It’s unreasonable to expect Dart users to stay on high alert for the kinds of pitfalls described above. For example, in an experiment we conducted, 53.7% of Dart users were unable to detect the problem illustrated in the first scenario (counting characters), even though they received two pages of information about the characters package and the problem the package was designed to address just a few minutes before. Therefore, we are taking a two-staged approach to helping developers choose the most appropriate API for their text manipulation needs.

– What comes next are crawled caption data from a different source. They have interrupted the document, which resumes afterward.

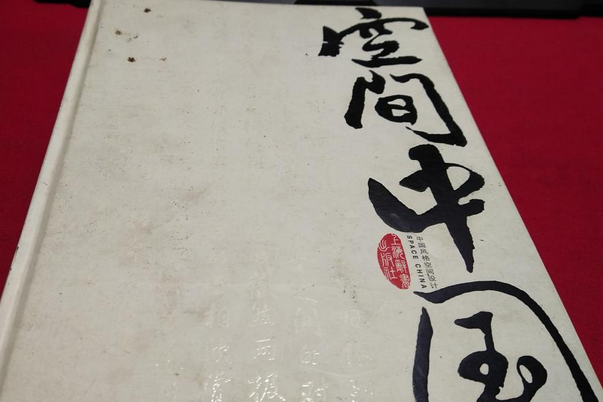 空間中國(2007年上海辭書出版社出版的圖書) 空間中國(2007年上海辭書出版社出版的圖書)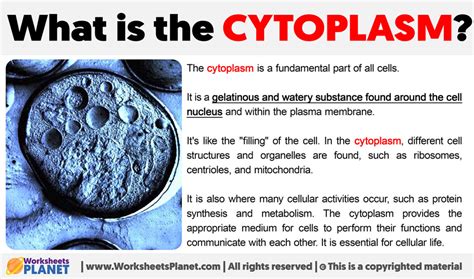 What is the Cytoplasm | Definition of Cytoplasm?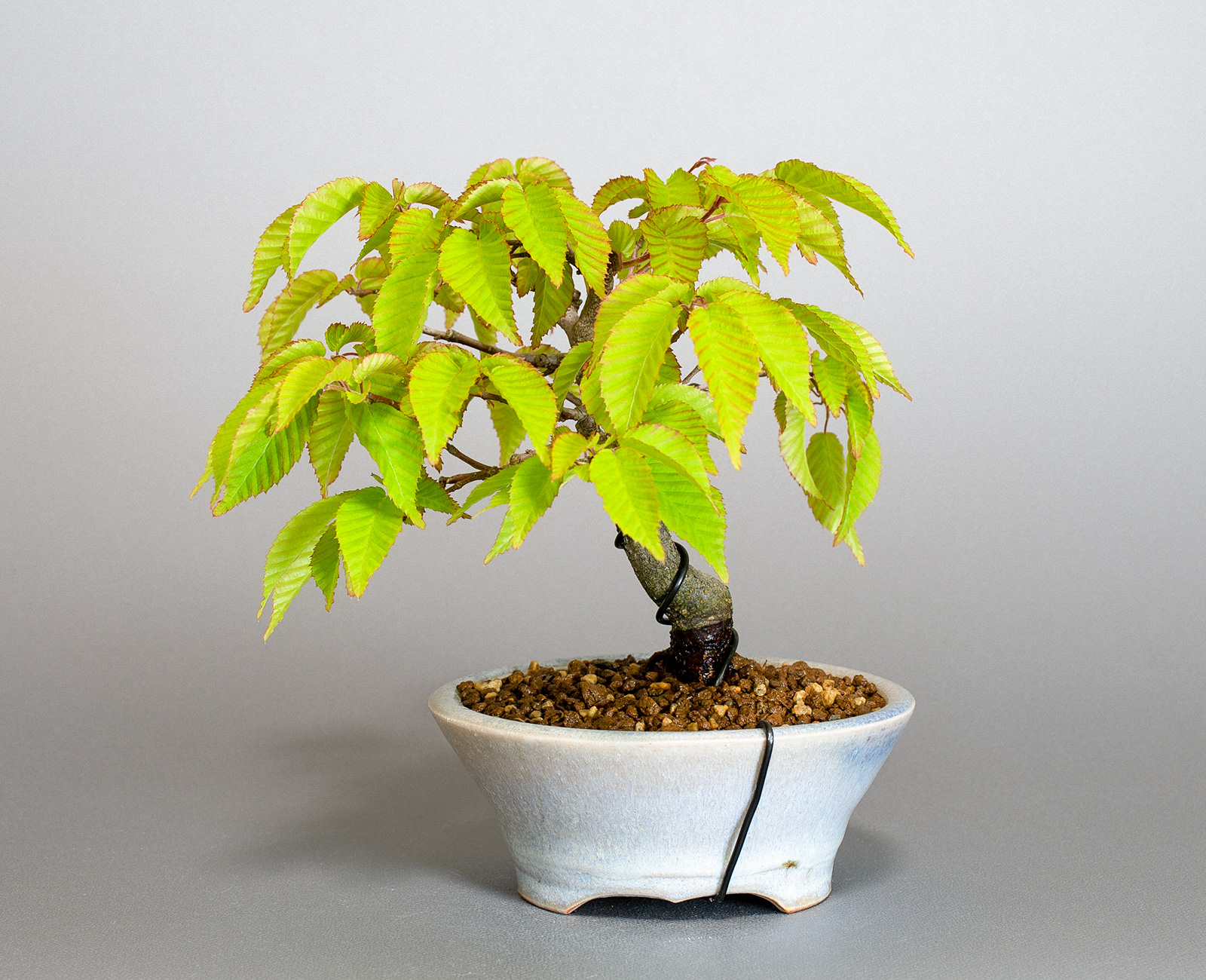 盆栽・アカシデV（あかしで・赤四手）雑木盆栽を裏側から見た景色・Carpinus laxiflora bonsai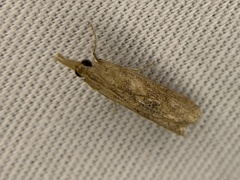 Macrorrhinia endonephele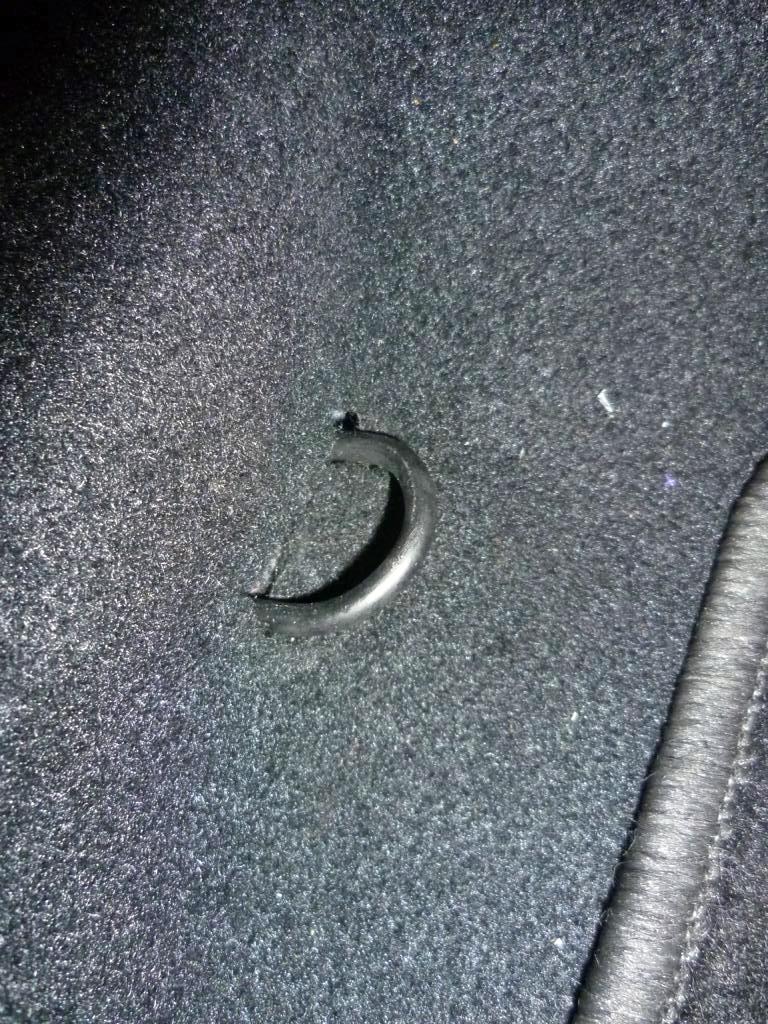 zulätzliche Zurrösen in Fond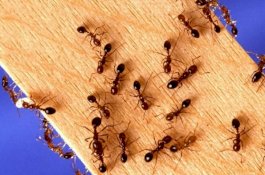 4 Trik Sederhana Singkirkan Semut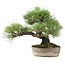 Pinus Thunbergii, 24 cm, ± 20 anni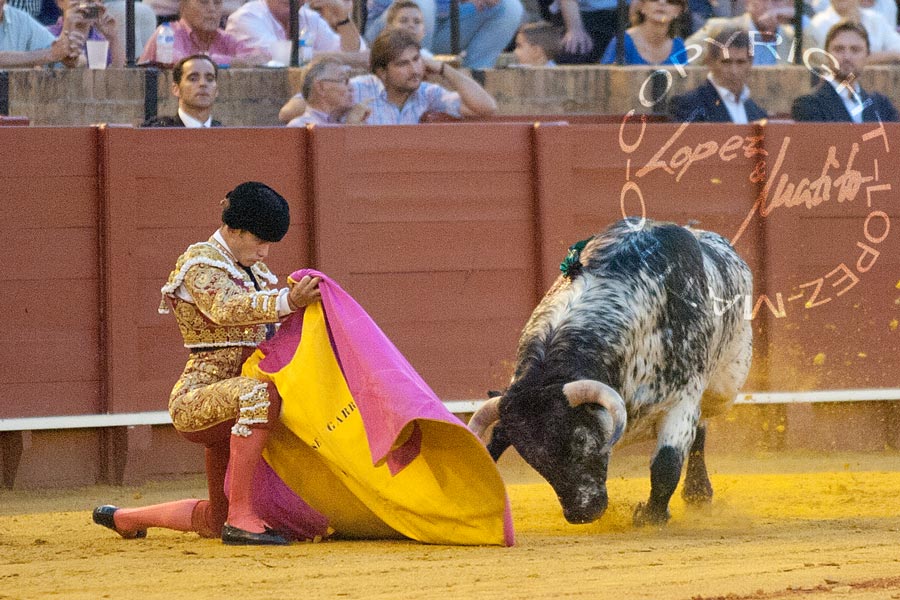 José Garrido.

In the short term, we are introducing a set of mitigations in the Flutter framework and the Dart analyzer to make the characters package easier to discover and invoke in Dart UI programming. This involves a few steps:

Use the characters package in the internal implementation of the TextField widget. See this PR and this design doc for more details.
Expose the API of the characters package through the Flutter framework. Once this is done, Flutter users will have a higher chance of discovering the API through the extension method String.characters, which will show up when doing an autocomplete on String. The status of this work is tracked in this issue: https://github.com/flutter/flutter/issues/55593.
Update the Flutter framework’s API documentation and sample code to suggest using the Characters class when applicable, such as in the callback for TextField.onChanged. This work is tracked in https://github.com/flutter/flutter/issues/55598 with relevant details in this doc.
Have the Dart analyzer suggest converting a String object to a Characters object when autocompleting a callback template for handling user-entered text. For example, the IDE could fill out everything in the snippet below after the user autocompletes on onChanged. This work is tracked in https://github.com/dart-lang/sdk/issues/41677.

dart

TextField(
  onChanged: (String value) {
  // Converting String to Characters to handle emojis
  // and non-English characters more robustly.
  var myText = value.characters;
  }
)

Those mitigations can help, but they are limited to string manipulations performed in the context of a Flutter project. We need to carefully measure their effectiveness after they become available. A more complete solution at the Dart language level will likely require migration of at least some existing code, although a few options (for example, static extension types) might make breaking changes manageable. More technical investigation is needed to fully understand the trade-offs.

Please help us raise awareness of how to fix string issues using the characters package:

Look for instances of using String.length or String.substring in your own code. If the string might have originated from user input, try to rewrite the code using the characters package.
Share this post with others in the Dart community.
Try to update existing answers about Dart text manipulation on StackOverflow. If the accepted answers missed this limitation of the String API, remind people of the risk.
Comment on the GitHub issues listed above to let us know your thoughts and opinions.

Now, happy coding 😉!

Thanks to Kathy Walrath, Lasse Nielsen, and Michael Thomson for reviewing this article. I would also like to thank developers who participated in our user research. Their participation helped the Dart and Flutter teams better understand the challenge of dealing with this limitation of the Dart String API.

— — —

PS: Here is the solution for the exercise:

dart

// Prerequisite: add the characters package as a dependency in your pubspec.yaml.
import 'package:characters/characters.dart';

void main(List<String> arguments) {
  print(textOverflowEllipsis('😸cats', 10));
  print(textOverflowEllipsis('🦏rhinoceroses', 10));
}

// This function converts text overflow to an ellipsis
// when the text's length exceeds the given character limit.
String textOverflowEllipsis(String text, int limit) {
  var myChars = text.characters;
  if (myChars.length > limit) {
    return '${myChars.take(limit - 1)}…';
  } else {
    return text;
  }
}

More from Dart

History of JS interop in Dart

Support for Wasm just landed in the current Flutter beta, thanks to an exciting JavaScript interop milestone reached in Dart 3.3. To…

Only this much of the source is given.